Causes of Landslides
- This refers to characteristics of the material.
- Such as whether the earth or rock is weak or fractured, or different strengths and stiffness of different layers of the soil.
Heavy Rainfall and Earthquakes
- The vulnerability of above 40% of the Kumaon Himalayan region to landslides is caused by earthquakes.
- Additionally, heavy rainfall often may result in landslides.
- Morphology refers to the physical structure of the land.
- From experience we know that slopes that lose their vegetation to fire or drought are more vulnerable to landslides.
- This is because vegetation holds soil in place, and without the root systems of trees, bushes, and other plants, the land is more likely to slide away.

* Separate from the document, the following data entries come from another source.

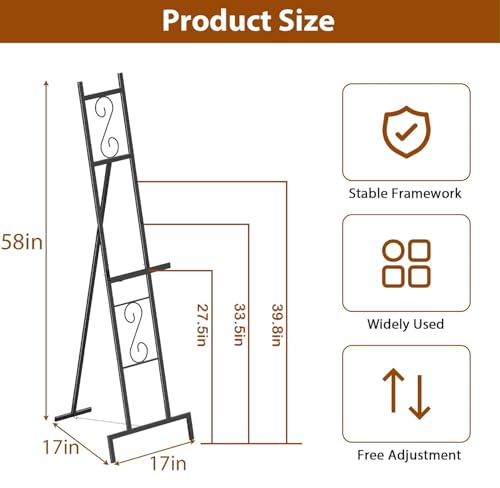 Black Easel Stand for Sign, Heavy Duty Wedding Welcome Sign Stand, Adjustable Art Easel for Display, Painting, Posters, Party, 17” x 17” x 58”H (1 Pack - style: 1pack-Black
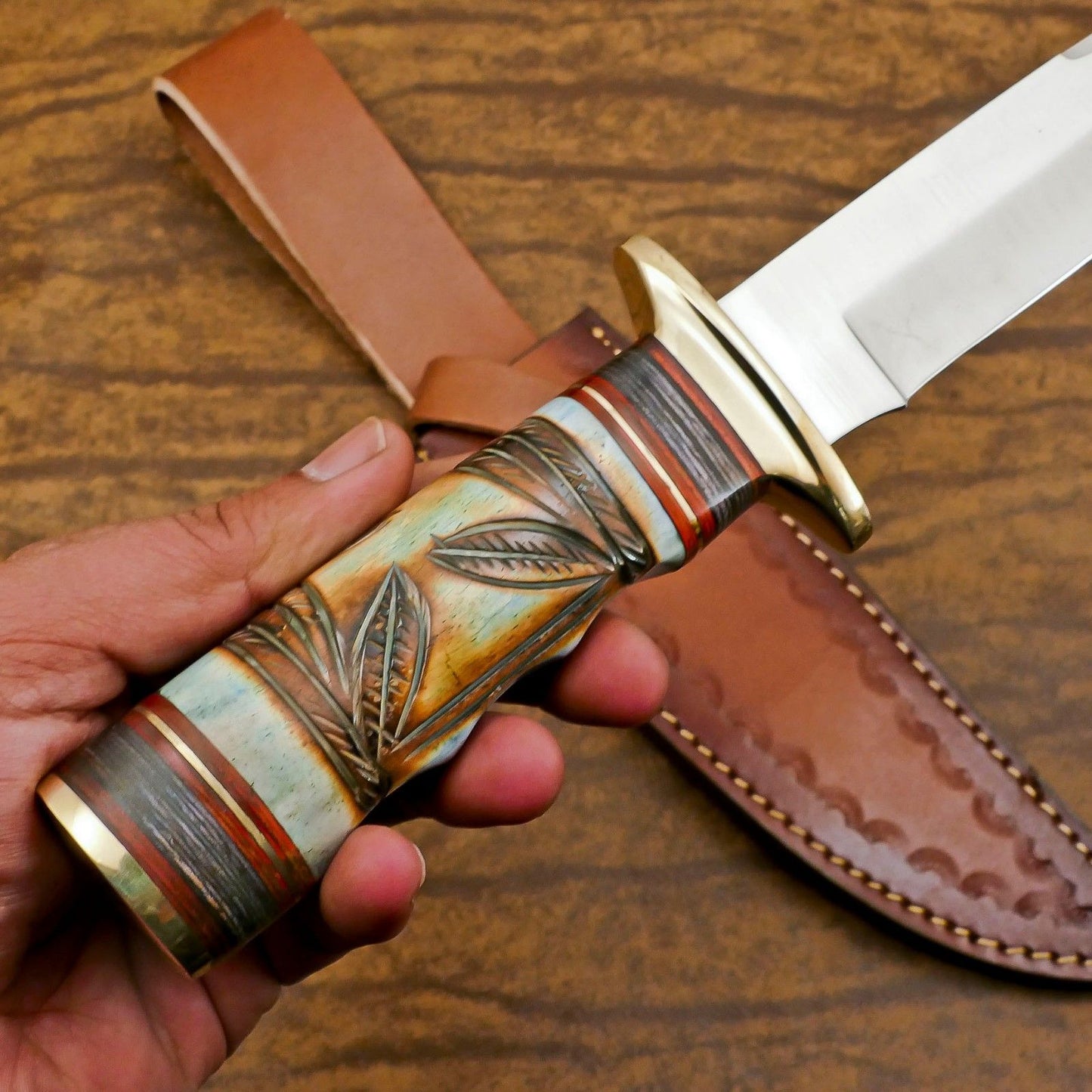 Custom Handmade 12 Inch D2 Steel Hunting Bowie Outdoor Knife – Full Tang Survival Blade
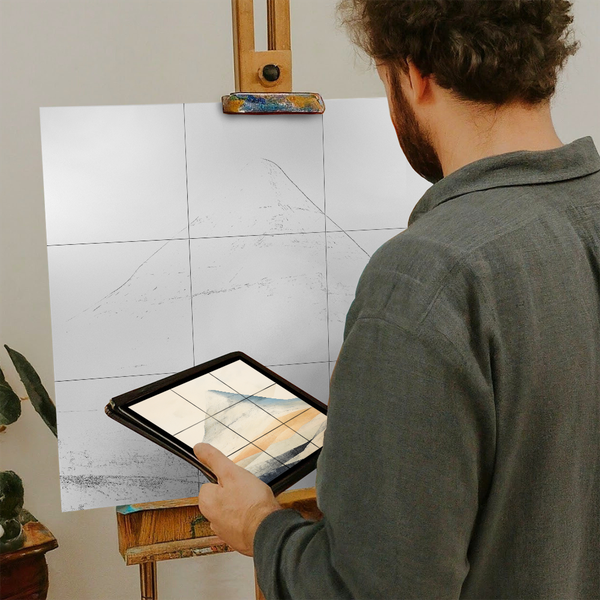 Artist with iPad and Easel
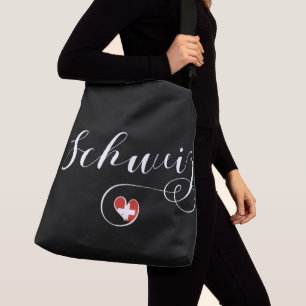 Bolso Cruzado Bandera suiza en un corazón, Schweiz, Suiza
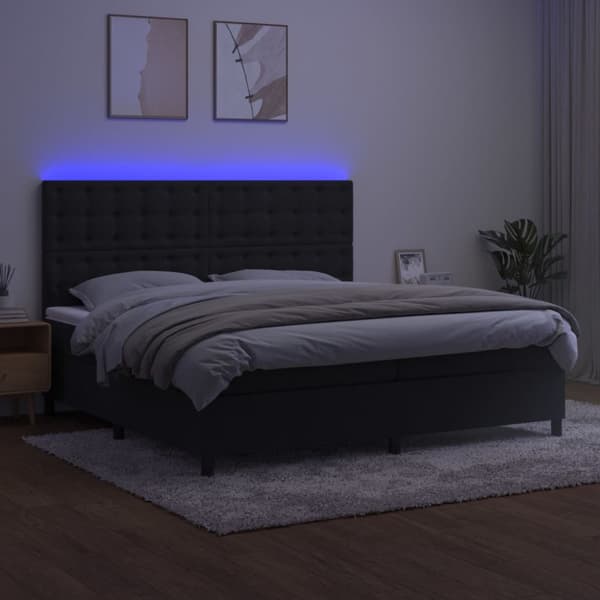 Ramsäng med madrass & LED svart 200x200 cm sammet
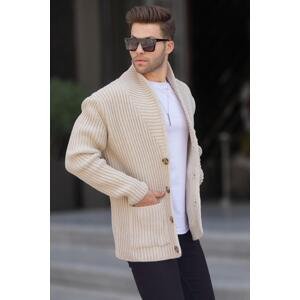 Madmext Stone Color High Neck Pocket Knitwear Cardigan 6815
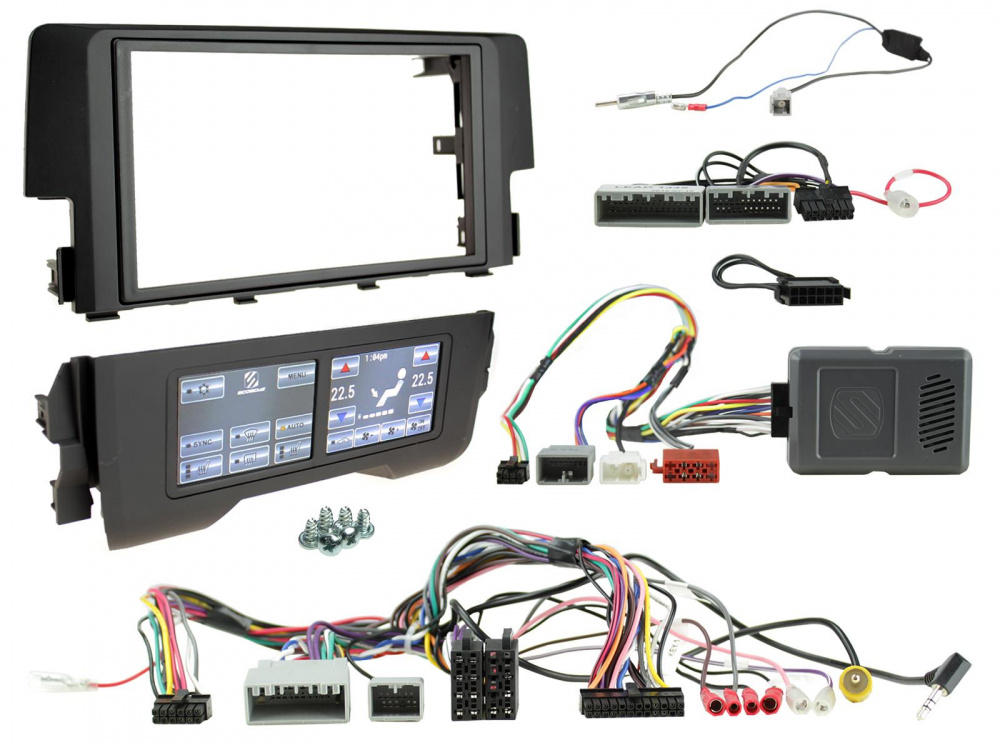 Installationskit för Honda Civic 2016-2021 med olika komponenter och kablar.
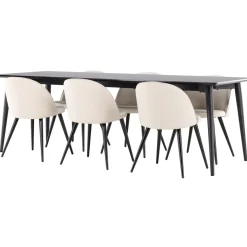 Ruokailuryhmä Venture Home, 230x85cm musta Ellis-pöytä + 6 beigeä Velvet-tuolia, sametti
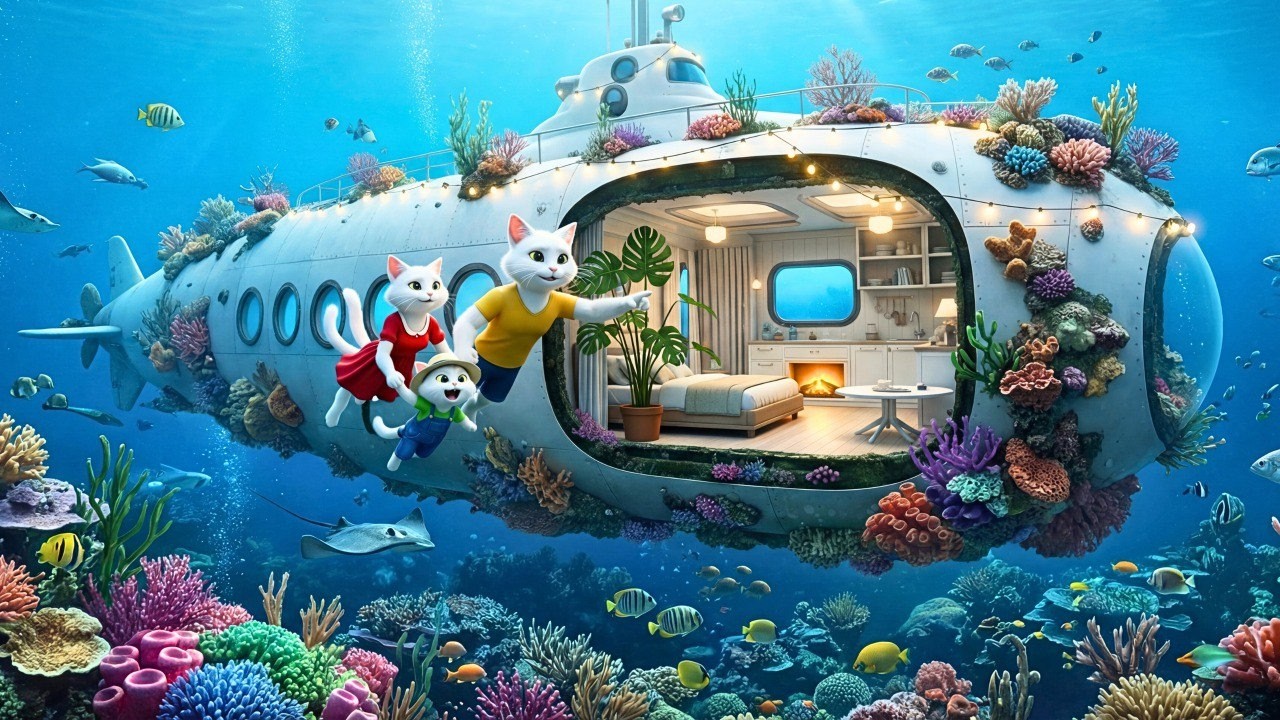 Cute Cat Family Turns a Rusty Submarine Into Their DREAM Home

- Human activities such as mining or quarrying will result in the loss of vegetation cover and soil gravel.
- This also lowers the groundwater retention capacity which increases the risk of flooding.
- Shifting cultivation is especially common in himalayan regions and Northeast areas.
- Every year, residents burn the forests for cultivation purposes which deteriorates the quality of topsoil, causing erosion during heavy rainfall.
- This results in increased vulnerability to landslides in these regions.
- Population pressure in urban areas of India is rising at an alarming rate.
- This results in intensive urbanisation activities such as establishing commercial housing projects and road construction which reduce the vegetation cover.
- This results in an increasing frequency of landslides in such regions.